ROGER KIMBALL: Ted Cruz’s Tax Plan Can Unshackle America:

There are two basic and opposed views of economics. One, espoused by the administration in Washington DC, holds that economics is fundamentally about the redistribution of wealth. The other, espoused most powerfully by the Republican presidential hopeful Ted Cruz, holds that economics is fundamentally about the creation of wealth.

By the time he leaves office, Barack Obama will have doubled the federal debt, bringing it up to an astonishing $20tn. And he has managed this despite taking in more tax revenue than ever before. Mr Obama has achieved another distinction: he has been the only president in history not to have presided over a single year of 3 per cent growth in gross domestic product.

Mr Cruz would change all that. How? At the centre of his economic plan are two imperatives: tax cuts and drastic simplification of the tax code.
Let us start with the cuts. His plan calls for a flat tax of 10 per cent on family income above $36,000. That is down from a top rate of 39.6 per cent today. At the same time, he would abolish the corporate tax (a variable rate that currently maxes out at 39 per cent) and institute a “business transfer tax” of 16 per cent. He would also abolish a host of other taxes, including the estate tax, payroll tax and taxes associated with “Obamacare”.

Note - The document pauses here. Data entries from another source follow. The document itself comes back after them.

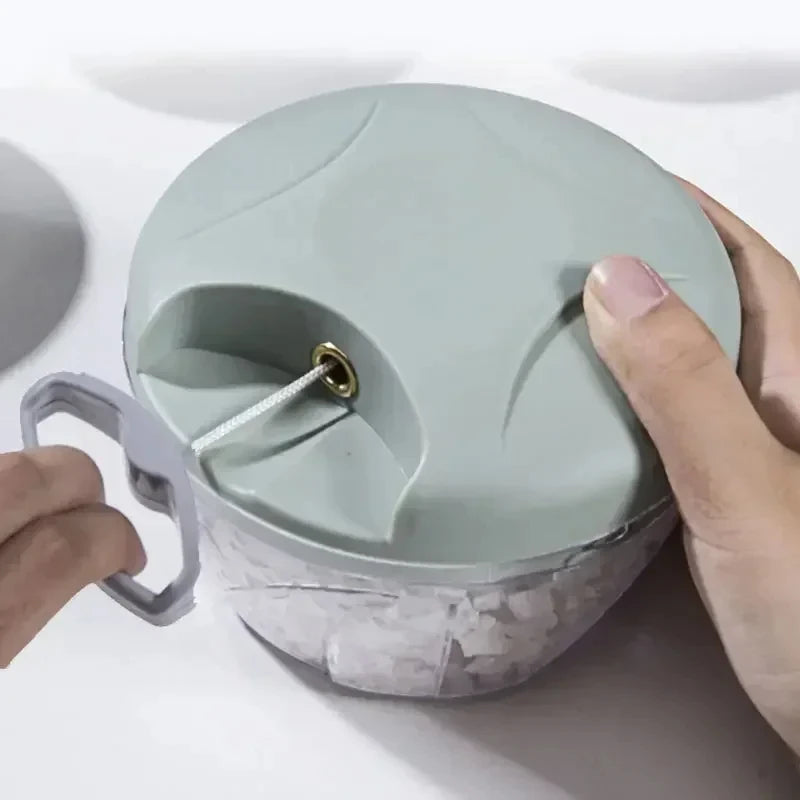 Manual Garlic & Vegetable Chopper
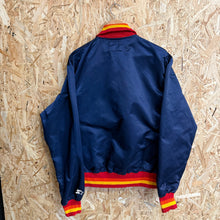Cargar imagen en el visor de la galería, Chaqueta Bomber Satinada Houston Astros Late 80s/Early 90s Starter Vintage - M/L
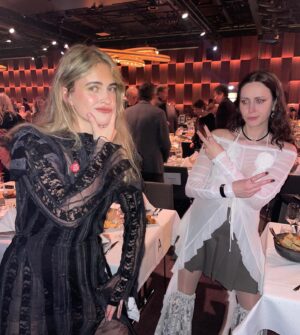 Hilde Skaar Instagram - FWENDS AND OUTFITS at @spellemannprisen 🥹💚

Dress by @kristinebostrom ✨
Styled by @alvabrosten ✨
Makeup inspooo @katarina.artistry ✨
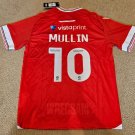 Wrexham Mullin 2023 2024 Shirt Jersey Home Men's Football Soccer Shirt Shirt Jersey 23/24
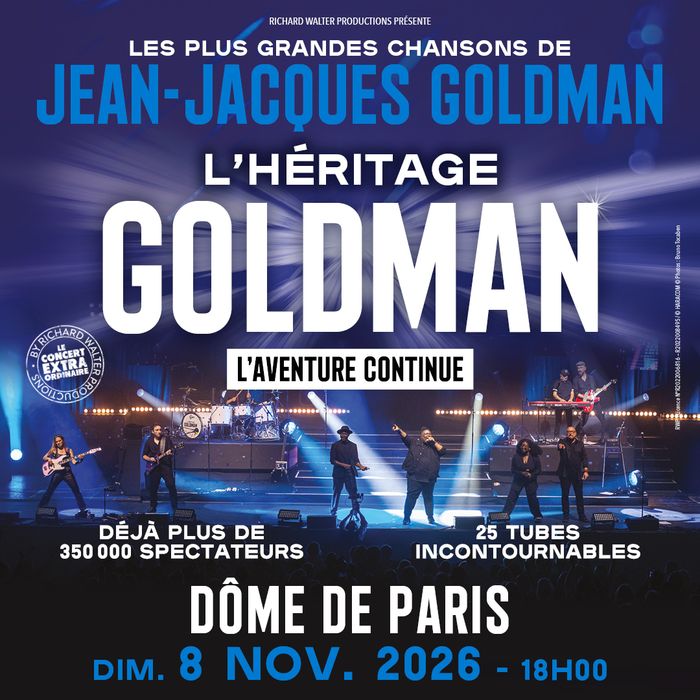 Les plus grands titres de Jean Jacques Goldman et les chansons qu’il a écrites pour les plus grandes voix réunis dans un spectacle vibrant.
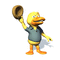 duck - Bezmaksas animēts GIF animēts GIF
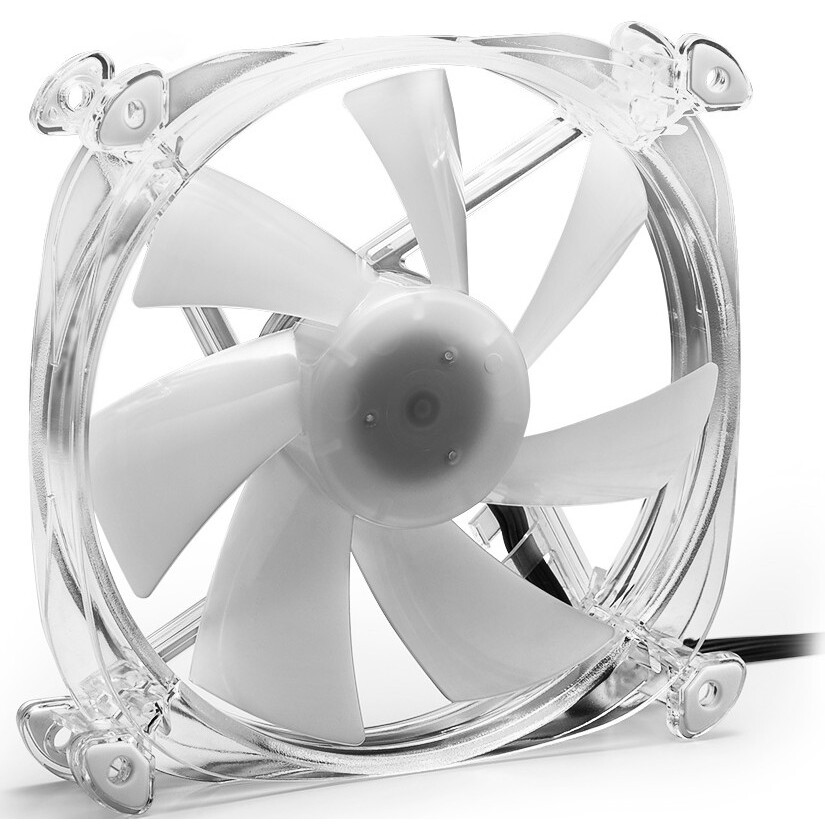 Korpusa ventilators Sharkoon SHARK Disk - SHARK-DISC - foto 2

The upshot, according to the Tax Foundation, which has published a detailed review of the plan, is that the Cruz initiative would spark an explosion in economic growth. Over a decade, GDP would increase by 13.9 per cent above what is currently projected, wages would increase by 12.2 per cent and the US would see up to 5m new jobs.
But those numbers tell only a part of the story. The US tax code runs to some 70,000 pages. The Cruz plan would replace that creaking monstrosity. Instead of having an accountant produce a long and semi-intelligible document at great expense, individuals would fill out their taxes on a postcard. Mr Cruz also promises to abolish the Internal Revenue Service “as we know it”. Obviously, there would have to be a mechanism to ensure that taxes were collected. But the behemoth that is the IRS could be replaced with a vastly slimmed down operation.

But what about revenue? Could taxes be cut so drastically without creating deficits? The Tax Foundation estimates that the Cruz plan, after factoring in projected growth, would result in a $768bn revenue loss over a decade. Should we worry about that? No. This is less than 2 per cent of projected federal revenue from 2017-26, and it is a terrific investment. For every $1 of revenue loss, the Tax Foundation finds that the Cruz plan will generate $23 of new GDP, a phenomenal return on investment. This compares very favourably with Donald Trump’s plan.

The problem — and this is a feature to me, but a bug to the political class — is that it offers insufficient opportunities for graft.